Under ESMA’s lower leverage levels, already implemented by Capital.com, client win-loss levels significantly improved and reduced the rate of margin calls.
Following the announcement by the European Securities and Markets Authorities (ESMA) that leverage rates offered by CFD trading providers must be significantly reduced by 1 Aug 2018, leading CFD trading provider Capital.com reduced its default rates across commodities, currencies, cryptocurrencies, equities and indices from 1 June 2018. This has enabled the first analysis of the impact of lower leverage rates on client behaviour and trading performance, which has clearly indicated a significant improvement in client outcomes.
The overwhelming majority of users who registered for Capital.com’s trading platform in June chose the ESMA-mandated lower leverage limits. Comparing their performance against published industry performance levels and historic client performance reveals that users who traded using the lower leverage limits traded more successfully and were significantly less likely to face a margin call. The proportion of users facing a margin call within first 15 days of trading fell from approximately 30% in the months before Capital.com introduced the ESMA limits, to just 5% in June.
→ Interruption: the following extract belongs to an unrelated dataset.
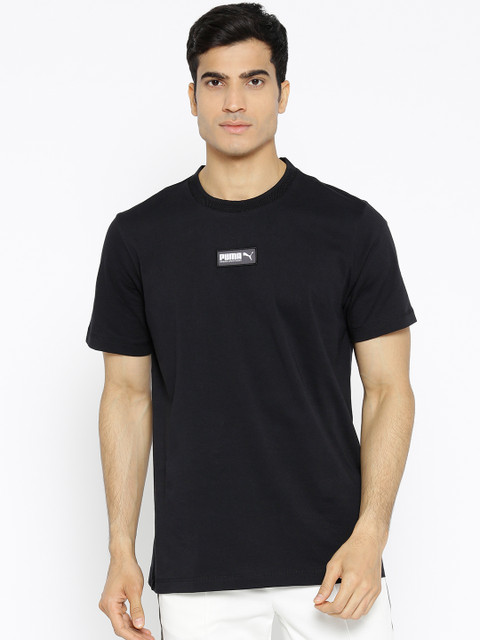 

Puma Men Black Solid Fusion Pure Cotton T-shirt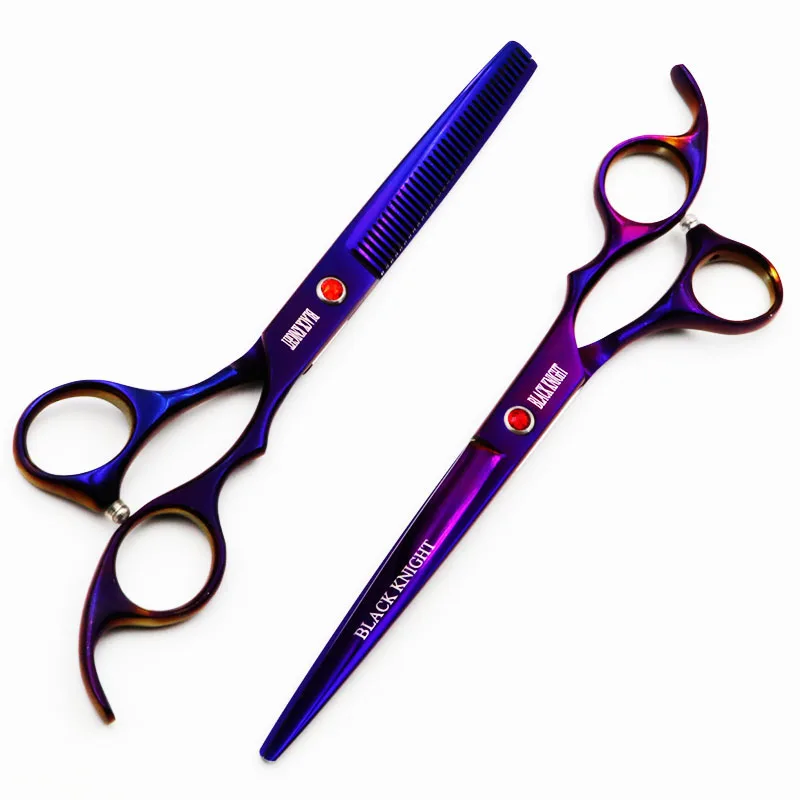 Черные волосы рыцаря ножницы для резки 7 дюймов+ филировочные 6,5 дюймов Профессиональные ножницы парикмахерские фиолетовые ножницы для домашних животных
The size of the average loss fell by over 80%.
Ivan Gowan, CEO at Capital.com, commented on the analysis: “It is immensely encouraging to see traders responding well to the lower leverage limits agreed by ESMA, reducing their risk and trading more successfully. There is a balance to be struck here, to allow traders to benefit from appropriate leverage without eliminating the enjoyment and potential of CFD trading, but our analysis suggests that ESMA’s theoretically-devised levels are broadly correct in practice.
“Far from harming the industry as many predicted, lower levels of leverage for new traders will ensure a more sustainable CFD market, as more successful traders engage with their chosen platform for a longer period of time. CFD providers that struggle to operate in this enhanced regulatory environment are encouraging traders to take unsustainably high risk, and if they cannot survive in a market that works better for the consumer, then the market is better off without them. We believe that more experienced and more sophisticated traders should be able to make informed choices about leverage levels, but novices can now trade with greater confidence following the implementation of these measures. Although we have taken a lead, from 1 Aug 2018, all regulated trading platforms must mandate these leverage levels, and this will improve client success rates and satisfaction across the industry.”
Ivan concludes: “While these measures are a great starting point for retail investors, truly responsible CFD trading providers should be focusing on educating and informing their customers, to help them further improve their trading skills. This should include giving them insights on the markets they are actually interested in, rather than blinding them with random commentary. We want our users to enjoy trading CFDs over the long term, and we believe that the best way to ensure this is by delivering a great user experience and by helping them to trade successfully.”